**About this exercise**
Give back each line of the listing below that contains the string "Piece".

**Given data**
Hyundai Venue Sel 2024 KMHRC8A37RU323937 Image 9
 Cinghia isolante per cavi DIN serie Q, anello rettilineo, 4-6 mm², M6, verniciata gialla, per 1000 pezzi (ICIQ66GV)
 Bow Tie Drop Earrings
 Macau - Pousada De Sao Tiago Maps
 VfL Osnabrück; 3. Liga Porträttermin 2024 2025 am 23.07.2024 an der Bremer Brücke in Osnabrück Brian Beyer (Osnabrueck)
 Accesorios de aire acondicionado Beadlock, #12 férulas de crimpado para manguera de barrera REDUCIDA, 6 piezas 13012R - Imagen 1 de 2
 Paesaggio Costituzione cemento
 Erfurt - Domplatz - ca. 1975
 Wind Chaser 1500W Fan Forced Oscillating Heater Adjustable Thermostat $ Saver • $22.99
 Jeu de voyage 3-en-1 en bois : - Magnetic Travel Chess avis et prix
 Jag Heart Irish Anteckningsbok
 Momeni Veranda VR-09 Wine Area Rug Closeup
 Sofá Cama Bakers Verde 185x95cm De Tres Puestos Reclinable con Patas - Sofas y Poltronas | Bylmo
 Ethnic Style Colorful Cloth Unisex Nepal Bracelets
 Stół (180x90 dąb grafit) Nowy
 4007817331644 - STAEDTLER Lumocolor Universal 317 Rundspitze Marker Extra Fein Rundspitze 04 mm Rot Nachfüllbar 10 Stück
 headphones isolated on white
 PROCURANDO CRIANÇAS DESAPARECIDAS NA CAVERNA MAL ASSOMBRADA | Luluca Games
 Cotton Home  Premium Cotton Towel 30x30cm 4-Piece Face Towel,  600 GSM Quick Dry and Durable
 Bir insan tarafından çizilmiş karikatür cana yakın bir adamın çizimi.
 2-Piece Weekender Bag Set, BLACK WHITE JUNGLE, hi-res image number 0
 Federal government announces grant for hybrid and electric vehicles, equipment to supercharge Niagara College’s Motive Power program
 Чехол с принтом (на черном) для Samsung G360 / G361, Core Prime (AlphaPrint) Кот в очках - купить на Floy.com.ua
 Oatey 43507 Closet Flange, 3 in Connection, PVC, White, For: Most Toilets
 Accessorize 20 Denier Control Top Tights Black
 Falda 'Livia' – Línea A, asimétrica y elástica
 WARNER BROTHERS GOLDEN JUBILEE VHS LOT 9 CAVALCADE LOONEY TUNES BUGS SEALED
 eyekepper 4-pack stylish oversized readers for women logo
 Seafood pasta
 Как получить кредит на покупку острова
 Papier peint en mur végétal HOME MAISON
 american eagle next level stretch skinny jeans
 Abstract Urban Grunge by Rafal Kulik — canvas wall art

**Final answer**
 Cotton Home  Premium Cotton Towel 30x30cm 4-Piece Face Towel,  600 GSM Quick Dry and Durable
 2-Piece Weekender Bag Set, BLACK WHITE JUNGLE, hi-res image number 0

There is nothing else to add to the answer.